Grief remains, but hope grows
NEWTOWN, Conn. — They would have been 16 or 17 this year. High school juniors.
The children killed at the Sandy Hook Elementary School on Dec. 14, 2012, should have spent this year thinking about college, taking their SATs and getting their driver’s licenses. Maybe attending their first prom.
Instead, the families of the 20 students and six educators slain in the mass shooting will mark a decade without them Wednesday.
December is a difficult month for many in Newtown, the Connecticut suburb where holiday season joy is tempered by heartbreak around the anniversary of the nation’s worst grade school shooting.
For former Sandy Hook students who survived the massacre, guilt and anxiety can intensify. For the parents, it can mean renewed grief, even as they continue to fight on their lost children’s behalf.
In February, Sandy Hook families reached a $73 million settlement with the gunmaker Remington, which made the shooter’s rifle. Juries in Connecticut and Texas ordered the conspiracy theorist Alex Jones to pay $1.4 billion for promoting lies that the massacre was a hoax.
In mid-November, a memorial to the 26 victims opened near the new elementary school built to replace the one torn down after the shooting. Ten years on, some victims’ relatives and survivors aren’t without hope for a brighter future.
After the massacre, Nicole Hockley and Mark Barden were among many victims’ relatives who turned to activism.
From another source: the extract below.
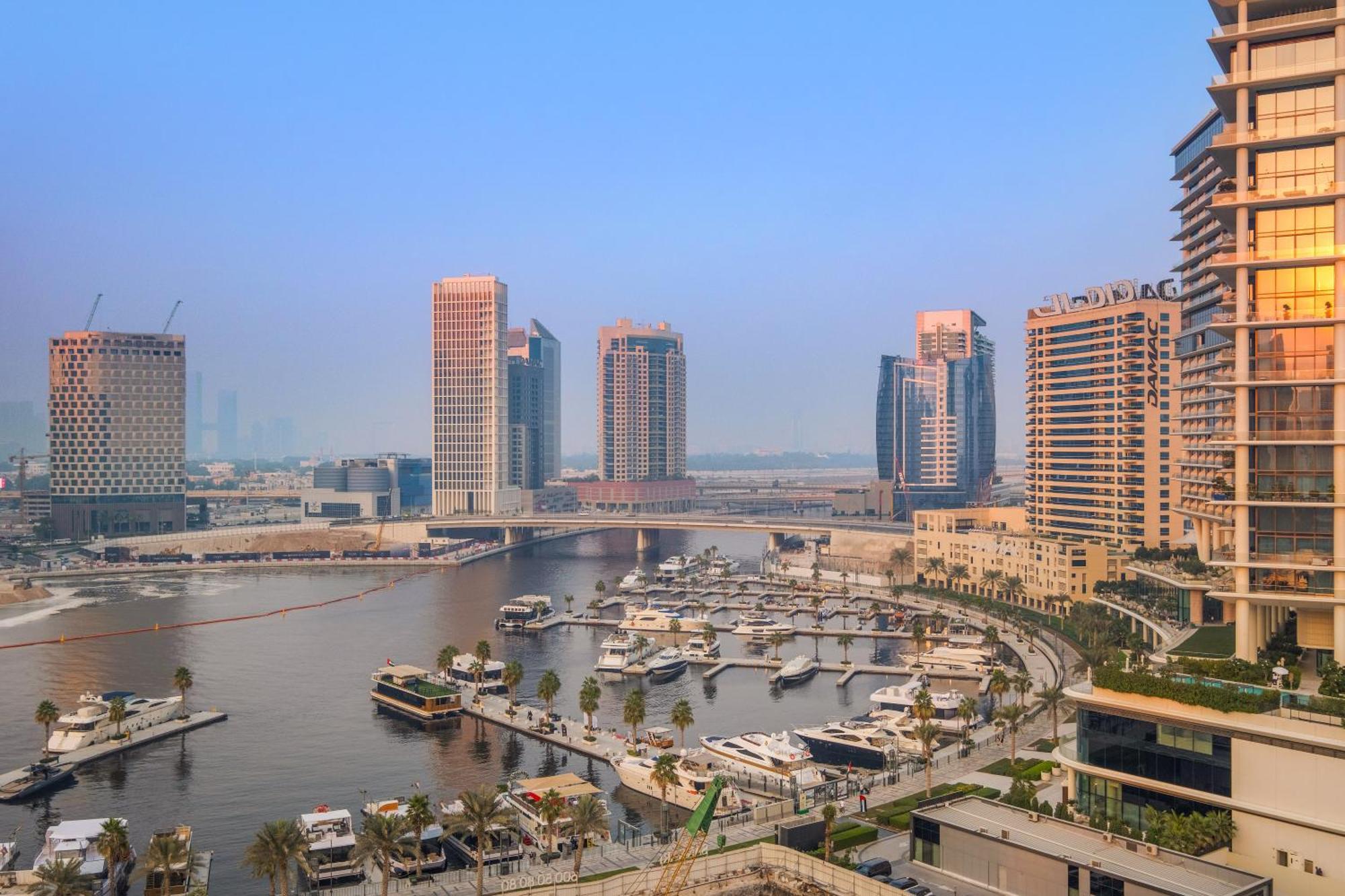 Cozy 1br In Business Bay With Canal Views * Dubai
They helped form Sandy Hook Promise, a nonprofit group that works to prevent suicides and mass shootings.
Hockley, who lost her 6-yearold son, Dylan, and Barden, who lost his 7-year-old son, Daniel, both find it difficult to believe their children have been gone for a decade.
“For me, Dylan is still this 6-year-old boy, forever frozen in time,” Hockley said. “This journey that we’ve been on the last 10 years, it doesn’t feel like a decade and it doesn’t feel like 10 years since I last held my son, either.”
Sandy Hook Promise’s programs have been taught in more than 23,000 schools to more than 18 million children and adults. Key components include education about the warning signs of potential school violence or self-harm and an anonymous tip system to report a classmate at risk for hurting others or themselves.
Hockley and Barden say they believe the educational programs and reporting system have prevented many suicides and stopped some school shootings.
“It’s a tremendous satisfaction and it’s a serious responsibility,” Barden said of the group’s work. “And it’s a gift in a way that we have built something that allows us this mechanism with which to honor our children by saving other children and by protecting other families from having to endure this pain.”